> [HOW TO COMPLETE THIS TASK] Output, exactly and in full, only the lines from the one containing "#viral #beautiful #indianart" to the last line of the data. Pictures should not appear.
─── SOURCE MATERIAL ───
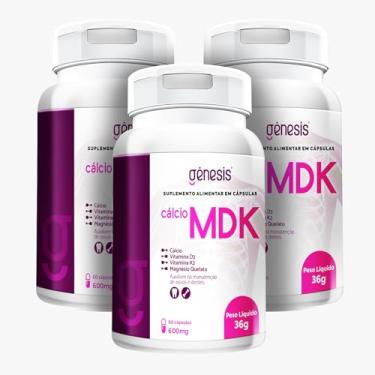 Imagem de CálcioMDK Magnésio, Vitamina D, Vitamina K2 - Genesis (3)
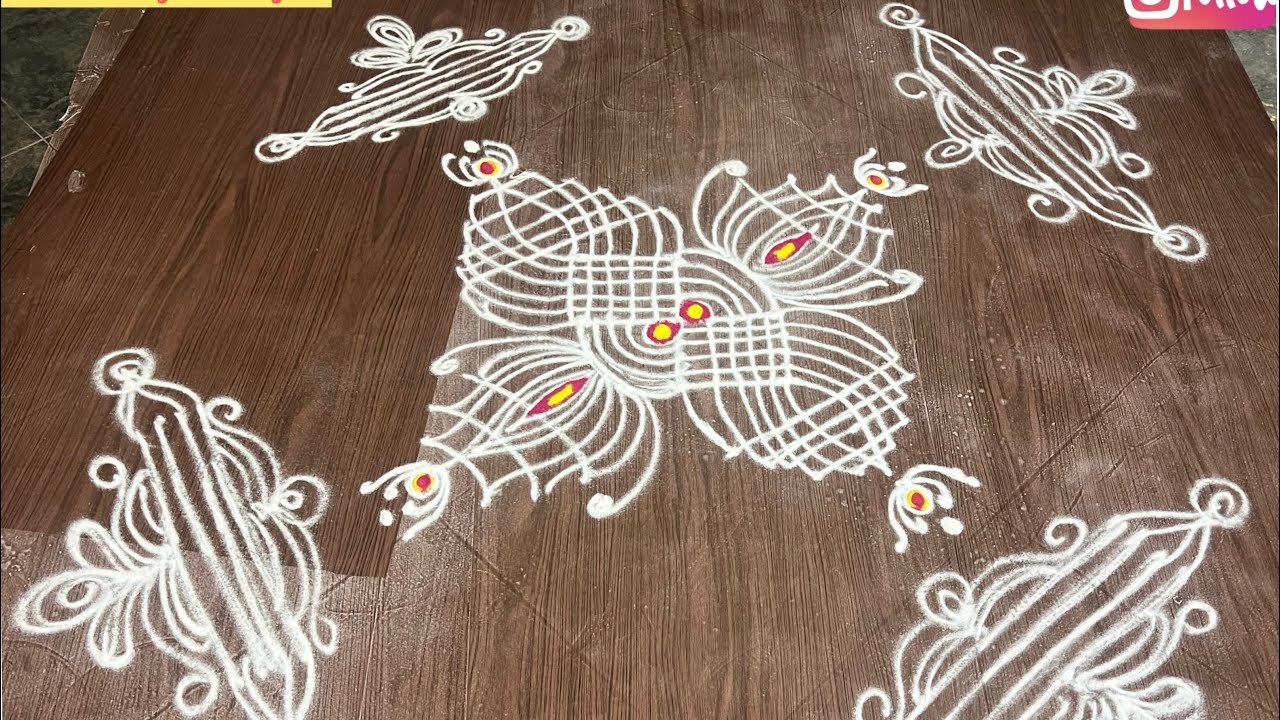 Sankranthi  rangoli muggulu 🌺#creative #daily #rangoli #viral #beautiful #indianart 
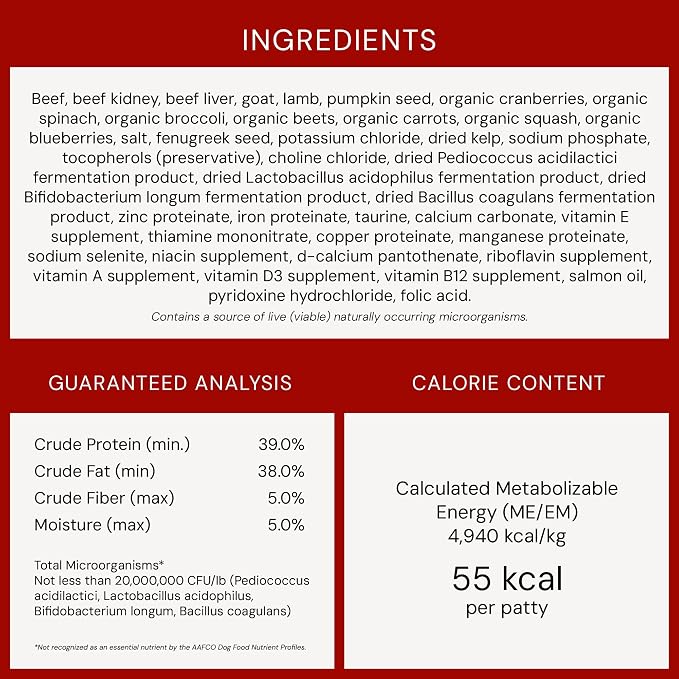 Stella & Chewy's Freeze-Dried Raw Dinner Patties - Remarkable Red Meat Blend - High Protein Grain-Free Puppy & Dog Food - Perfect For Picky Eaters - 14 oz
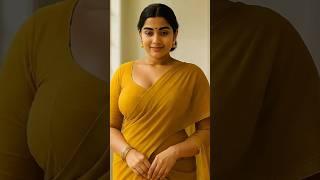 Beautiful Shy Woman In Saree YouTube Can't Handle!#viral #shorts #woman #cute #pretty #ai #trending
───
> [FINISHED TASK]
 Sankranthi  rangoli muggulu 🌺#creative #daily #rangoli #viral #beautiful #indianart 
 Stella & Chewy's Freeze-Dried Raw Dinner Patties - Remarkable Red Meat Blend - High Protein Grain-Free Puppy & Dog Food - Perfect For Picky Eaters - 14 oz
 Beautiful Shy Woman In Saree YouTube Can't Handle!#viral #shorts #woman #cute #pretty #ai #trending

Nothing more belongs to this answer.